The White House
Office of the Press Secretary
Press Gaggle by Press Secretary Jay Carney en route Seattle, WA, 2/17/12
Aboard Air Force One
En Route Seattle, Washington
9:21 A.M. PST
MR. CARNEY: I just want to say that for the first time in my year as Press Secretary I remembered that it's Friday and I'm supposed to provide a week ahead. But rather than torture you by reading it in its entirety, we're just going to hand it out, if that's okay.
All right. Welcome aboard Air Force One as we make our way from the glorious Bay area of Northern California to Seattle, Washington, where the President looks forward to holding an event today highlighting his commitment to expanding manufacturing in the United States and to expanding our exports abroad with the goal of doubling our exports by 2015.
With that, I will take your questions.
Q Jay, do you have any response to Mitt Romney in a Wall Street Journal op/ed promising to designate China as a currency manipulator?

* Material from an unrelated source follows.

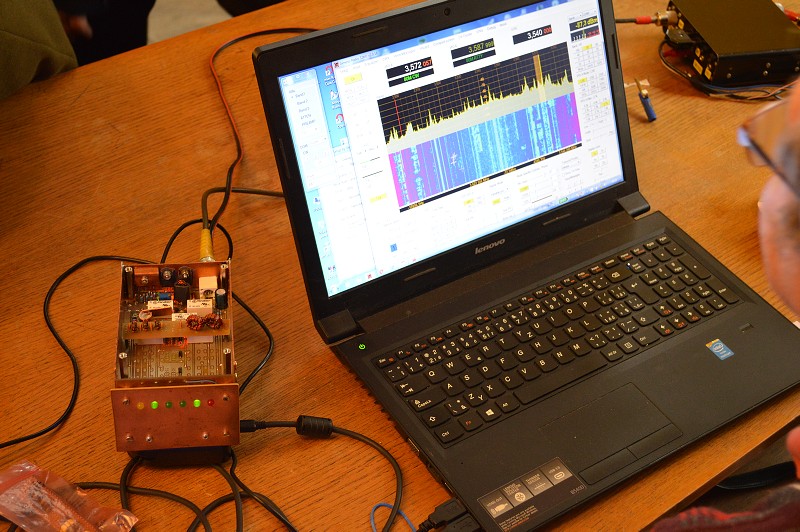 QRP setkání Chrudim 2016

He's accusing the administration of rewarding China and penalizing American workers because they haven't designated China as a currency manipulator.
MR. CARNEY: Well, Kate, as you know, this administration has worked very constructively with both China and others around the globe on issues that are of a concern to us, including the valuation of the Chinese currency. We always raise this issue in our conversations with the Chinese leadership. We continue to press Beijing on the need to appreciate the currency as part of an overall emphasis that we have on ensuring that there's a level playing field in trade.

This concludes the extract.